ROOT_DIR = os.path.dirname(os.getcwd())
sys.path.append(ROOT_DIR)

import faiss
import numpy as np
from sentence_transformers import SentenceTransformer

from utils import *

  from .autonotebook import tqdm as notebook_tqdm


In [2]:
df = prepare_dataset()

Loading datasets: 100%|██████████| 5/5 [00:04<00:00,  1.24it/s]


In [3]:
class EmbeddingDeduplicator:
    '''
    A class to deduplicate text embeddings using FAISS.
    '''
    def __init__(self, model_name: str = 'sentence-transformers/all-MiniLM-L6-v2', dimension: int = 384, top_k: int = 5, threshold: float = 0.85):
        self.model = SentenceTransformer(model_name, cache_folder='.cache')
        self.dimension = dimension
        self.top_k = top_k
        self.threshold = threshold
    
    def predict(self, texts: List[str]) -> List[int]:
        embeddings = self.model.encode(texts, show_progress_bar=False, normalize_embeddings=True)
        
        index = faiss.IndexFlatIP(self.dimension)
        index.add(embeddings)

        similarities, neighbors = index.search(embeddings, self.top_k)

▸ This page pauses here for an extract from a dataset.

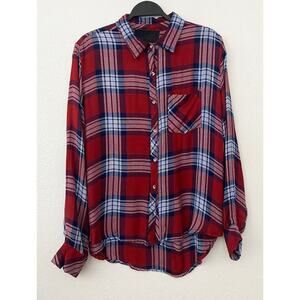 Vacate The Label Women's Red White Navy Plaid Flannel Like Rayon Button Down Top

        duplicates = set()

        for i in range(len(texts)):
            for j, sim in zip(neighbors[i][1:], similarities[i][1:]):
                if sim > self.threshold:
                        duplicates.add(i)
                        duplicates.add(j)

        indices = np.zeros(len(texts), dtype=int)
        indices[list(duplicates)] = 1
        return indices

In [4]:
deduplicator = EmbeddingDeduplicator(threshold=0.95, top_k=3)
benchmark = Benchmark(deduplicator)
benchmark.evaluate(df['abstract'].to_list(), df['label'])

{'accuracy': 0.9459195161035377,
 'precision': 0.9690495374916931,
 'recall': 0.921263248972552,
 'f1': 0.9445523848937178,
 'prediction_time_sec': 21.910506010055542,
 'samples': 9347,
 'duplicates': 4623}